Your task is to transcribe exactly, and only, the lines running from the one with "Geniş manzaralı yenilikçi" to the end of the listing below, inclusive, with every picture left out.

■ **DATA SEGMENT**:
=== Section Start ===

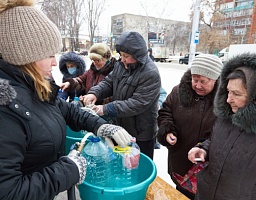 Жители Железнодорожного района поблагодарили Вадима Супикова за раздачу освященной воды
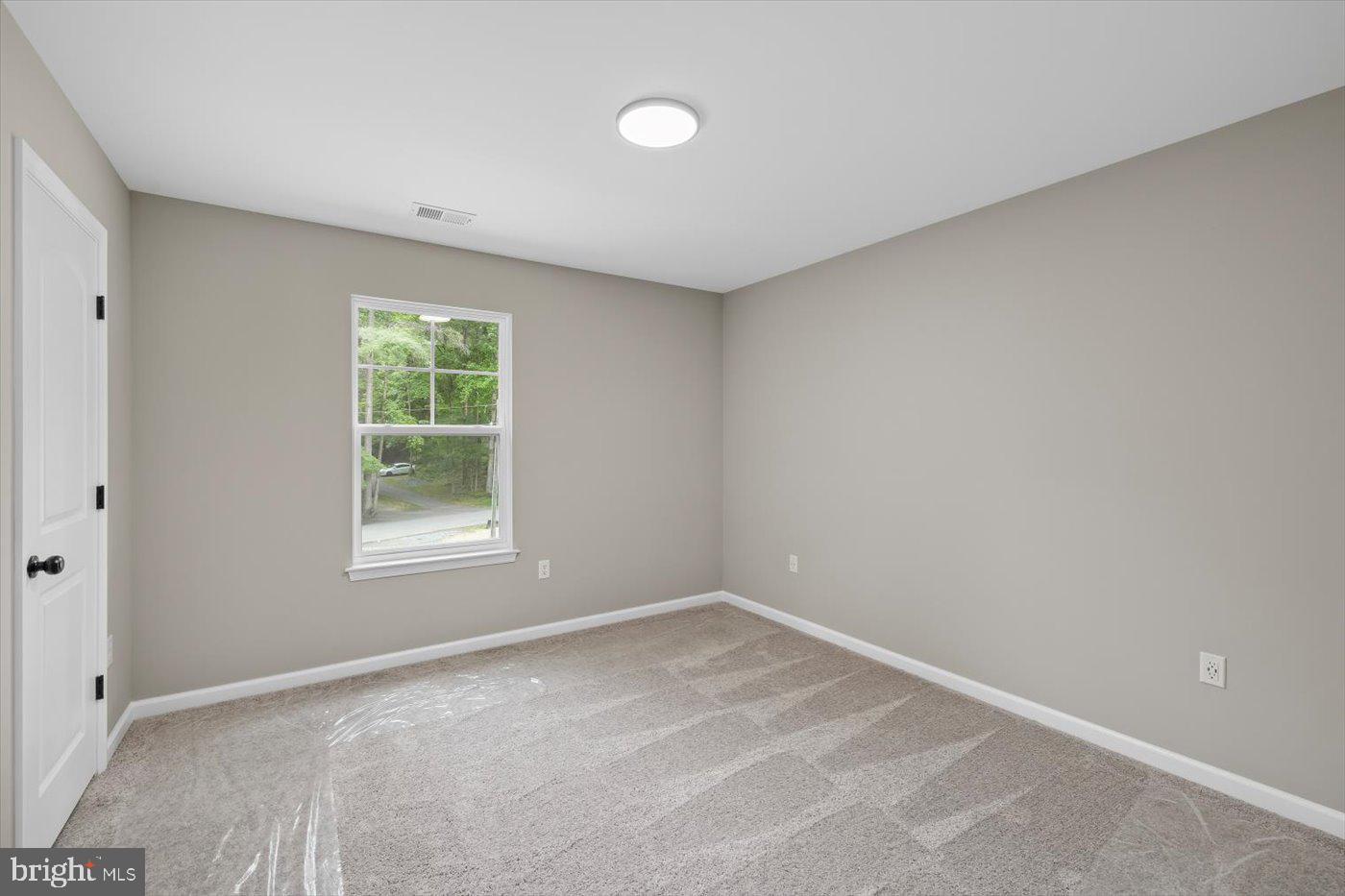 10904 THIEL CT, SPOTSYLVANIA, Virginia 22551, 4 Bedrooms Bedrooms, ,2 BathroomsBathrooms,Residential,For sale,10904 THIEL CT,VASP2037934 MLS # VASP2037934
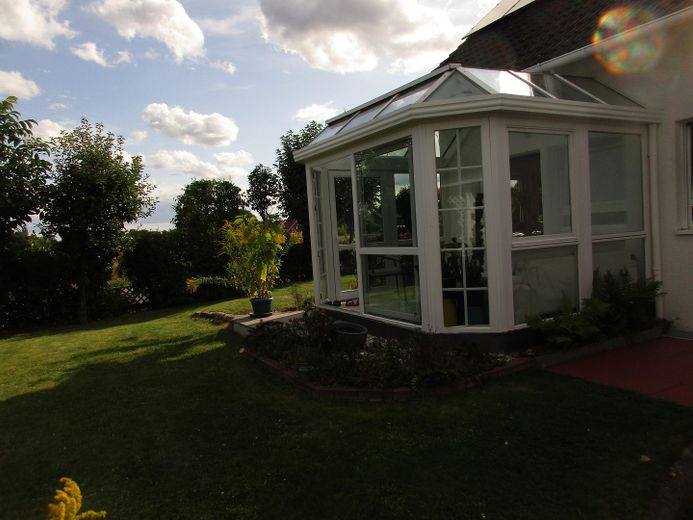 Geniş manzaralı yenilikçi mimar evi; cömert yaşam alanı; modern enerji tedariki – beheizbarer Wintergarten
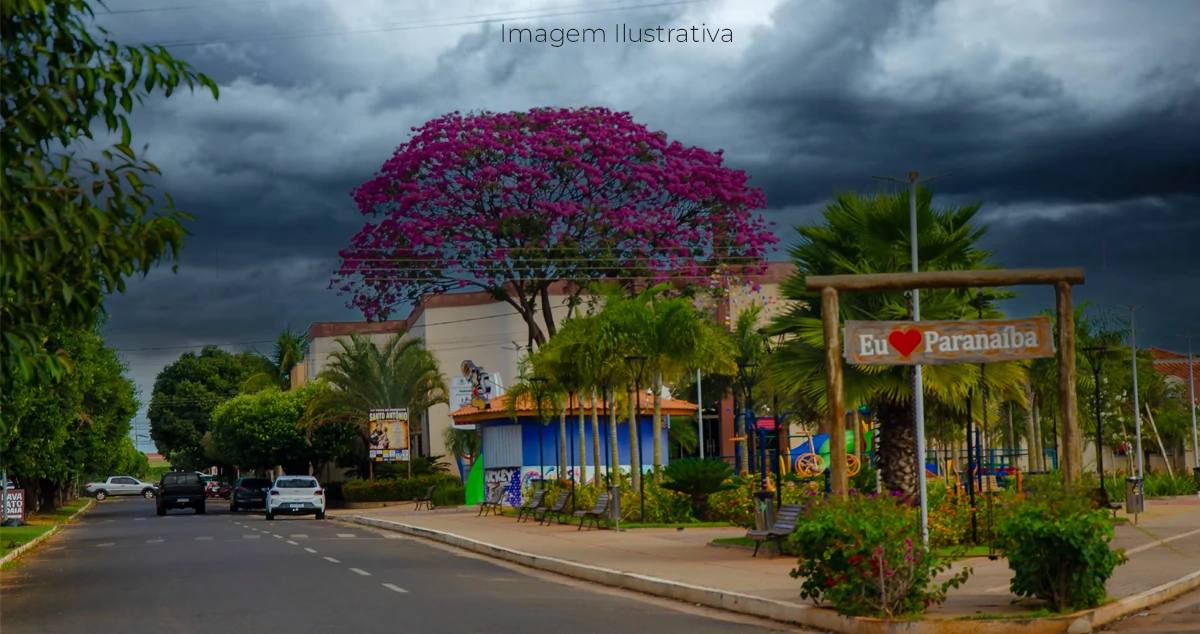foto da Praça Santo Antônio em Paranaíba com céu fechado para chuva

=== Section End ===

■ **SOLUTION FOR THIS PROBLEM**:
 Geniş manzaralı yenilikçi mimar evi; cömert yaşam alanı; modern enerji tedariki – beheizbarer Wintergarten
foto da Praça Santo Antônio em Paranaíba com céu fechado para chuva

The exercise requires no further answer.